▶ [About this task]:
For this exercise, print the listing below exactly, without its pictures.

Data START

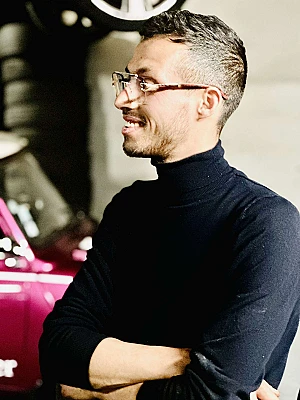 anis sina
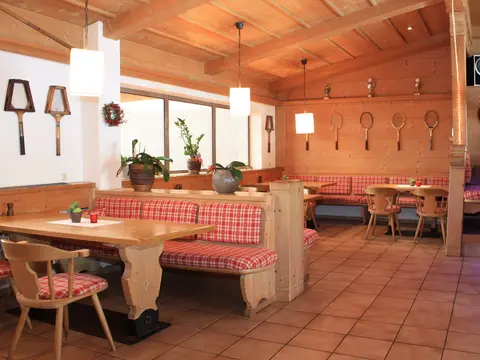 Der Gastraum im gemütlichen Tennisstüble.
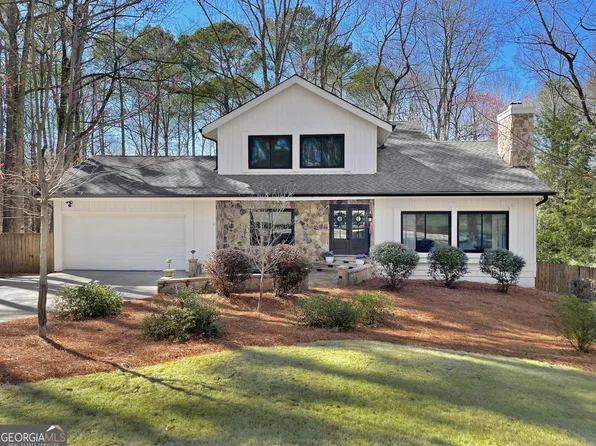 2415 Roxburgh Dr, Roswell, GA 30076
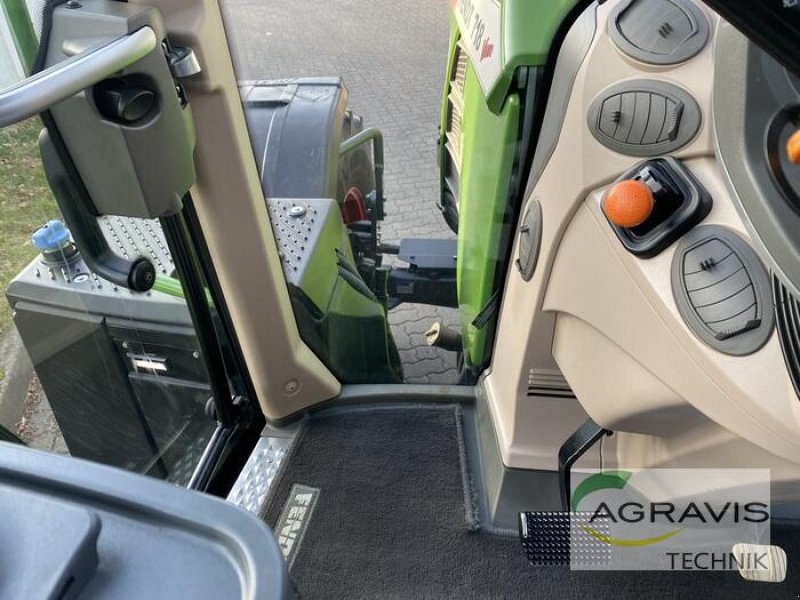 Traktor του τύπου Fendt 718 VARIO S4, Gebrauchtmaschine σε Barsinghausen-Göxe (Φωτογραφία 12)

Data END

▶ [Response box]:
 anis sina
 Der Gastraum im gemütlichen Tennisstüble.
 2415 Roxburgh Dr, Roswell, GA 30076
 Traktor του τύπου Fendt 718 VARIO S4, Gebrauchtmaschine σε Barsinghausen-Göxe (Φωτογραφία 12)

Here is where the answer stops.